Beaucoup de ces jeunes filles finissent par se sentir en partie responsables d’un tel tourment divin. Ana et Eva, deux soeurs qui étaient lycéennes et qui portent aujourd’hui l’habit des carmélites, tenaient un journal intime, que leur père se résolut à lire lorsque les premiers symptômes d’agressivité se manifestèrent chez les jeunes filles. Parmi leurs confessions figurent des phrases telles que : "Je n’ai jamais rencontré personne qui soit pire que moi" ; "Où que j’aille, la lance du péché m’accompagne" ; "Le péché me détruit et me vide" ; "Seigneur, montre-moi à quel point ma vie a été mauvaise" . Elles ont également laissé un témoignage écrit de leur certitude que "les jeunes d’aujourd’hui sont brisés de l’intérieur" et que leurs péchés "accablent l’Eglise". C’est à elles de "reconstruire le coeur détruit par le péché".

Mais, pour que tout ne soit pas que pleurs et désolation, les prêtres de Gethsémani rappellent à leurs recrues que la récompense dans l’au-delà sera proportionnelle au sacrifice. "Elle sera immense la récompense que Dieu donnera à ceux qui abandonnent pour lui père ou mère, fils ou fille."

"Si ta fille ne devient pas religieuse, Dieu te punira"

La voix douce que l’on entend derrière la tour du couvent des carmélites de Duruelo, dans laquelle un prêtre vient de déposer des boîtes en plastique remplies de compotes et de fruits, détaille les rigueurs de la vie quotidienne dans ce monastère où saint Jean de la Croix ébaucha, au XVIè siècle, son extraordinaire Cantique spirituel. "Nous nous couchons à 1 heure du matin et nous nous levons entre 6 heures et 6 h 30. Nous ne consommons pas de viande.
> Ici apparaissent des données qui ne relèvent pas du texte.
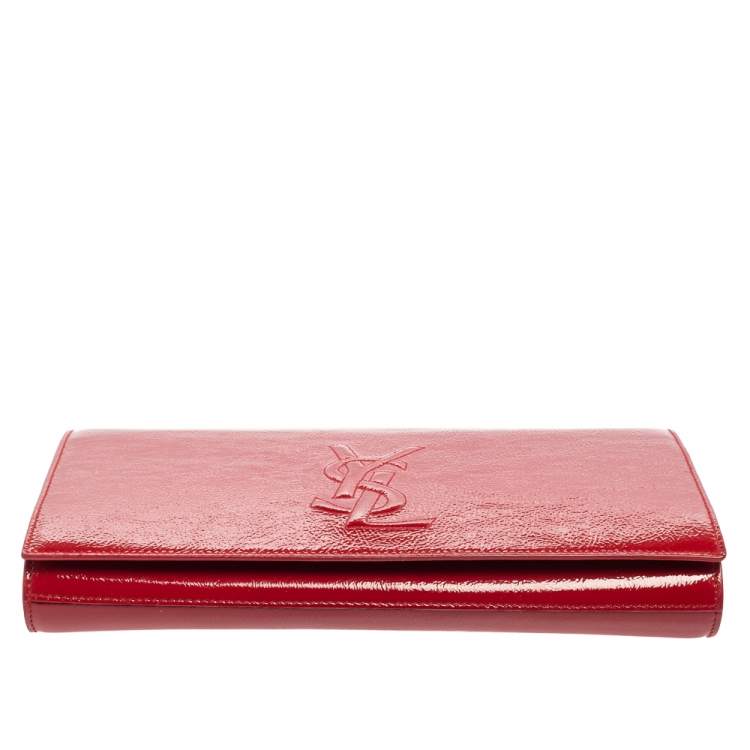 Pre Owned Yves Saint Laurent Red Patent Leather Belle De Jour Clutch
Pendant le Carême, nous ne mangeons pas non plus de poisson, de lait ou d’oeufs. Certains jours, nous jeûnons. Nous dormons parfois à même le sol et nous avons deux heures de récréation par jour. Le reste de la journée, nous prions en silence et nous assistons aux offices divins.
 Que faites-vous pendant vos récréations ?
 Nous cousons pour une boutique de vêtements d’enfants et nous travaillons dans le potager."
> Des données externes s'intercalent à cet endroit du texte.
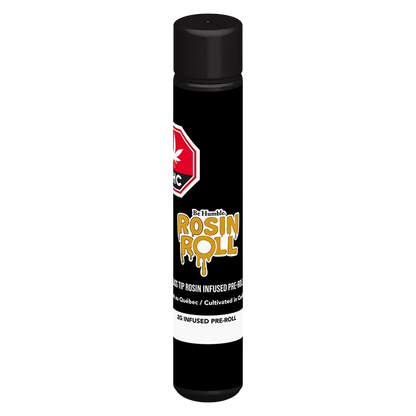 Tall front view of a black tube labeled "Rosin Roll Glass Tip Infused PR 1 x 2 g" standing against a white background.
L’ordre des Carmélites déchaussées de mère Maravillas suit toujours les règles établies au XVIè siècle par sainte Thérèse, faisant fi des réformes adoptées par la majorité des autres communautés de l’ordre après le dernier concile. Les carmélites ne peuvent ni quitter le cloître, ni utiliser le téléphone et n’ont le droit de recevoir que les visites autorisées par la supérieure, qui peuvent varier de plusieurs heures un dimanche sur quatre à une demi-heure tous les mois et demi, et toujours en présence d’une autre religieuse. Les lettres qu’elles reçoivent ou qu’elles envoient sont soumises à la censure. Les voisins du couvent d’Oropesa racontent que cilices et flagellations y sont monnaie courante, mais le centre de santé local réfute ces affirmations. "Nous n’avons jamais constaté rien de semblable. Des anémies fréquentes, ça oui. Mais il est vrai qu’elles refusent de montrer leur dos", commente la femme médecin qui suit les novices depuis des années.
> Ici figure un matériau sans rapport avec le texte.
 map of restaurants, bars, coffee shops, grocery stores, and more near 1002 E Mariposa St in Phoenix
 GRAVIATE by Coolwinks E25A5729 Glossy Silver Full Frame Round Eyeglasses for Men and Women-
Ces jeunes filles et beaucoup de celles des couvents de mère Maravillas ont en commun d’avoir eu pour guides spirituels des prêtres de la Fraternité du Coeur de Jésus. L’un d’entre eux, Francisco Javier Fernàndez Perea, le père Francis, 36 ans, excelle dans l’art du recrutement. Il n’a aucun doute sur le sens de sa mission : servir Dieu.
"En quoi est-ce utile aux pécheurs que ces jeunes filles dorment par terre ou jeûnent ?
 La question est mal posée. IL faut plutôt se demander : en quoi a-t-il été utile aux pécheurs que Jésus ait jeûné pendant quarante jours et soit mort sur la croix ? C’est l’amour qui a guidé le Seigneur. C’est l’amour qui guide nos soeurs.
 Et c’est aussi l’amour qui les pousse à porter le cilice ?
 Sans aucun doute. Le Christ a souffert bien davantage sur la croix. Si l’on flagelle quelqu’un ou qu’on le force à jeûner, on porte atteinte à sa dignité. Mais si ce sont des actes volontaires de mortification, on en sort grandi.
 Même au risque d’être anémié ?
 Il y a des limites. Je peux très bien me faire souffrir sans mettre ma vie en danger ; je peux arrêter de manger sans que ma santé se dégrade. C’est une question d’équilibre."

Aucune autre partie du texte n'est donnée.